ABOUT THIS EXERCISE:
Where the listing below reaches the line containing "Columna de pantalla", start writing out lines exactly, and stop once the line containing "Woman,In,Yellow,Knitted,Pullover,With,Ripe,Clementines,In,Her" has been written.

※

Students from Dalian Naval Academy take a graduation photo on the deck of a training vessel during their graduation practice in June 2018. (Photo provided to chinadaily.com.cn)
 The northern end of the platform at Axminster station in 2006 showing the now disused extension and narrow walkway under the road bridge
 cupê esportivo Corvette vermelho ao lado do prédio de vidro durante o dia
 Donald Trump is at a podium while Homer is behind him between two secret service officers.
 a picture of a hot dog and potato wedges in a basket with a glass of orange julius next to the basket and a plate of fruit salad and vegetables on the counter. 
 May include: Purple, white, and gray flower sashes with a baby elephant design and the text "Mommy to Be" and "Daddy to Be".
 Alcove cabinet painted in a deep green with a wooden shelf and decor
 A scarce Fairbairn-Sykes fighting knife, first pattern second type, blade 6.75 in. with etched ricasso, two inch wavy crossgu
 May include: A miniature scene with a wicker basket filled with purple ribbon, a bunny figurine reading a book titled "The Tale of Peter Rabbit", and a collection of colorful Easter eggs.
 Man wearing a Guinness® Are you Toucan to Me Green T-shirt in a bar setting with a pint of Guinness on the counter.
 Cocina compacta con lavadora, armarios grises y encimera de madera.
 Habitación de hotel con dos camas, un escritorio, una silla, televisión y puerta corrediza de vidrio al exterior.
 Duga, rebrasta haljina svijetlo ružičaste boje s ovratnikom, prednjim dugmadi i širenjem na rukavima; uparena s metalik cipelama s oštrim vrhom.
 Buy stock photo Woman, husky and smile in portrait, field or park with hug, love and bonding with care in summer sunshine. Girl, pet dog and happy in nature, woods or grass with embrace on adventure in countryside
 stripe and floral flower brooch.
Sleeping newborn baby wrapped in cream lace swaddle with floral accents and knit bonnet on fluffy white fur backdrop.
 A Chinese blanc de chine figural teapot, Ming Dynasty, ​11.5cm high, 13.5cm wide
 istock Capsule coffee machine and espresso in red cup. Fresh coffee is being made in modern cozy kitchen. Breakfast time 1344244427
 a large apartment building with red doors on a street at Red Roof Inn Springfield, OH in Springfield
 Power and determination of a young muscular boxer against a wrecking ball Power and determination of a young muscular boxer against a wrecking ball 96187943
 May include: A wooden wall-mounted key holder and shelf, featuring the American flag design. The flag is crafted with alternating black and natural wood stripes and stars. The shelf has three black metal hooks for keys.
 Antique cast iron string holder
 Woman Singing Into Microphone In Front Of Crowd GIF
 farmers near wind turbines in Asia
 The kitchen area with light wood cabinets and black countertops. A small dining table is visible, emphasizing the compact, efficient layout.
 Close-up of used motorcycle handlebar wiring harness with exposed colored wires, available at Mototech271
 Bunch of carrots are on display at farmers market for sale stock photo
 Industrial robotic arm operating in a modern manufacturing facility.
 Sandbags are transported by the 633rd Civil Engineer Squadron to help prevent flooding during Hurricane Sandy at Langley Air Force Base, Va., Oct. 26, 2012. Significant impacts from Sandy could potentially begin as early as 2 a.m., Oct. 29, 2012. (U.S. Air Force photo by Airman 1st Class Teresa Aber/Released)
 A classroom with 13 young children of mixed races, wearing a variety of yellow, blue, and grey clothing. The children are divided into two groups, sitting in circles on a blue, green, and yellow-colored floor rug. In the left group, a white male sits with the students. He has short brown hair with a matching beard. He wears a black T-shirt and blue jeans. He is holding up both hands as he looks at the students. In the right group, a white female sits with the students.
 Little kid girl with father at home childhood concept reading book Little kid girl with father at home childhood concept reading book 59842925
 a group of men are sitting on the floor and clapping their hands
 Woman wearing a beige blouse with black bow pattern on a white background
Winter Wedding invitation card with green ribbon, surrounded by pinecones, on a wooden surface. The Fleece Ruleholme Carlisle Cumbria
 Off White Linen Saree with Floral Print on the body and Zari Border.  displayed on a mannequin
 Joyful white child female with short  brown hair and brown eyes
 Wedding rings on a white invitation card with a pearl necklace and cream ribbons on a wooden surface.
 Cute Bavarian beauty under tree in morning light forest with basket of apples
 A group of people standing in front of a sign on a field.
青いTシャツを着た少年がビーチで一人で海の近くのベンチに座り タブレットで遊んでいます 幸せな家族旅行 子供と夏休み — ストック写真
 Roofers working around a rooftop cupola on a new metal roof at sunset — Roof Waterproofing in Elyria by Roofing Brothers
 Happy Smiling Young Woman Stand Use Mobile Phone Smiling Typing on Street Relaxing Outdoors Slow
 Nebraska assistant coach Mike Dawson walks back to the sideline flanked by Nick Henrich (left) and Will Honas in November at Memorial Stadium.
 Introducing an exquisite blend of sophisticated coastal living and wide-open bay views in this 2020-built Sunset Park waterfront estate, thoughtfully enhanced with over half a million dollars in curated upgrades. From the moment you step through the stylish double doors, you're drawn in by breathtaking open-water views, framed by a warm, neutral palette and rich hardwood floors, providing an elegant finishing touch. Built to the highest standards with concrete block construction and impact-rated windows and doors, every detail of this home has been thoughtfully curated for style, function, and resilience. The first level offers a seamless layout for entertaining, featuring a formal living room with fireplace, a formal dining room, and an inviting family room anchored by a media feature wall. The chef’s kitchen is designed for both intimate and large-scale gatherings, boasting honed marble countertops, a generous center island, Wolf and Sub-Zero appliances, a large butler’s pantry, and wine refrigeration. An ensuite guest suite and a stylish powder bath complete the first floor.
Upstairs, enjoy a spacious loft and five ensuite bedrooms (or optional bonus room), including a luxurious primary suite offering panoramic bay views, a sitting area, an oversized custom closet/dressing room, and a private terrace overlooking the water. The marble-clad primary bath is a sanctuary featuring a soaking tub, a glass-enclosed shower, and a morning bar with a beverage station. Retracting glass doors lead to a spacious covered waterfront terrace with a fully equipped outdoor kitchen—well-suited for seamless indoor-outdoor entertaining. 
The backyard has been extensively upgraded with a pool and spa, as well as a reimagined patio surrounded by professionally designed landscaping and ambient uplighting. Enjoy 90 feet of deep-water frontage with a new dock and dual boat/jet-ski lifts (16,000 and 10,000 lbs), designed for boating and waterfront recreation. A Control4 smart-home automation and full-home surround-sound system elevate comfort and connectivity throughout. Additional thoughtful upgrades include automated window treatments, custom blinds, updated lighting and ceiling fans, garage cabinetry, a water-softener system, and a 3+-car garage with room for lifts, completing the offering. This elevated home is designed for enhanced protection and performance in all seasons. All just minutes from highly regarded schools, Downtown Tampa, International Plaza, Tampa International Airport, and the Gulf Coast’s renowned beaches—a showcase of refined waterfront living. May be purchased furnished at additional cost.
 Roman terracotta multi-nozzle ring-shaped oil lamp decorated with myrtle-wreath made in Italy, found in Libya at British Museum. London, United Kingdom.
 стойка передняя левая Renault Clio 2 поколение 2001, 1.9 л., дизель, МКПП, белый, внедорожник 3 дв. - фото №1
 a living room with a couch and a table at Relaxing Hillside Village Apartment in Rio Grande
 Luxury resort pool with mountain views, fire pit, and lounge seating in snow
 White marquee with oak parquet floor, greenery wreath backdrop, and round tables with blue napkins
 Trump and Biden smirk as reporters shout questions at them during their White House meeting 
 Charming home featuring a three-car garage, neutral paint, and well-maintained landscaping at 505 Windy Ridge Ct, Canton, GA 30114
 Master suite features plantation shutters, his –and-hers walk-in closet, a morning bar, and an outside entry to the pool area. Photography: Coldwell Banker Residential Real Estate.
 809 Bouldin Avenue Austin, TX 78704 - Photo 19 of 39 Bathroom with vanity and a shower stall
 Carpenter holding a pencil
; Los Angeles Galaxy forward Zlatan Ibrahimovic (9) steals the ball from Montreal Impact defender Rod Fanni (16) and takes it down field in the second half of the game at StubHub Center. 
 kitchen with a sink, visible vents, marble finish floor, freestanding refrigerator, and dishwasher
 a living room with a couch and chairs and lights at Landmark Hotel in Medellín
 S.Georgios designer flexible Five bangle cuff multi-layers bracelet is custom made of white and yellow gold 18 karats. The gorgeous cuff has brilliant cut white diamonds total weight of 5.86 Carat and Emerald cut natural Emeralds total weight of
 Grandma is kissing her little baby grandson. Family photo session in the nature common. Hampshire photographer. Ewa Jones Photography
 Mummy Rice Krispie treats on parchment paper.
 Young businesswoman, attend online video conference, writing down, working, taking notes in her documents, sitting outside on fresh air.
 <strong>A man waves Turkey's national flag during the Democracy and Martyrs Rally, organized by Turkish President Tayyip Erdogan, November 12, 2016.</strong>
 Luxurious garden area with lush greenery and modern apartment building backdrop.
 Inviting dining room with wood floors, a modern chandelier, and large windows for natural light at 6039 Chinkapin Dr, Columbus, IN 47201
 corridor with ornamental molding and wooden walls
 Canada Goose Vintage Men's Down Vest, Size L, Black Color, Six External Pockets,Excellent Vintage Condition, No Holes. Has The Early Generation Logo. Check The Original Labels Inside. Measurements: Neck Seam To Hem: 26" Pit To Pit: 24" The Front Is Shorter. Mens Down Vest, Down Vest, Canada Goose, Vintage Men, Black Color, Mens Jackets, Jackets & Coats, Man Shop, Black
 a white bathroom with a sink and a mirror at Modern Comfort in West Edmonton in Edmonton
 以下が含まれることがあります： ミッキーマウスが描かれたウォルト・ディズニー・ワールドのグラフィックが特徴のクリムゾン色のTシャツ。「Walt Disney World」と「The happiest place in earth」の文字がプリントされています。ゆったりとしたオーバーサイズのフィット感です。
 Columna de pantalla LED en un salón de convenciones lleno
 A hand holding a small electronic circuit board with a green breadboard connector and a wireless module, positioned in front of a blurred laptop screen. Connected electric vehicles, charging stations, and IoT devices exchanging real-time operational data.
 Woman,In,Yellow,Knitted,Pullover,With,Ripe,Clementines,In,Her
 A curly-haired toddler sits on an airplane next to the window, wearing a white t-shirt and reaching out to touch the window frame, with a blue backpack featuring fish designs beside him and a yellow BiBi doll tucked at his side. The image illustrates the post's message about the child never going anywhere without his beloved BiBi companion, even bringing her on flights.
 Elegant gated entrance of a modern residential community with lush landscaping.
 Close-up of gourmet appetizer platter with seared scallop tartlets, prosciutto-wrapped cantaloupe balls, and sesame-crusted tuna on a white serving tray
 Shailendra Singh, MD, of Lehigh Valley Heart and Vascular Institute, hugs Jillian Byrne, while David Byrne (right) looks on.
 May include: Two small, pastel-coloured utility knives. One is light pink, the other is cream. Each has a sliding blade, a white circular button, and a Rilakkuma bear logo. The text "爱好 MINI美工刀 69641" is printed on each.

※

EXERCISE RESULT:
 Columna de pantalla LED en un salón de convenciones lleno
 A hand holding a small electronic circuit board with a green breadboard connector and a wireless module, positioned in front of a blurred laptop screen. Connected electric vehicles, charging stations, and IoT devices exchanging real-time operational data.
 Woman,In,Yellow,Knitted,Pullover,With,Ripe,Clementines,In,Her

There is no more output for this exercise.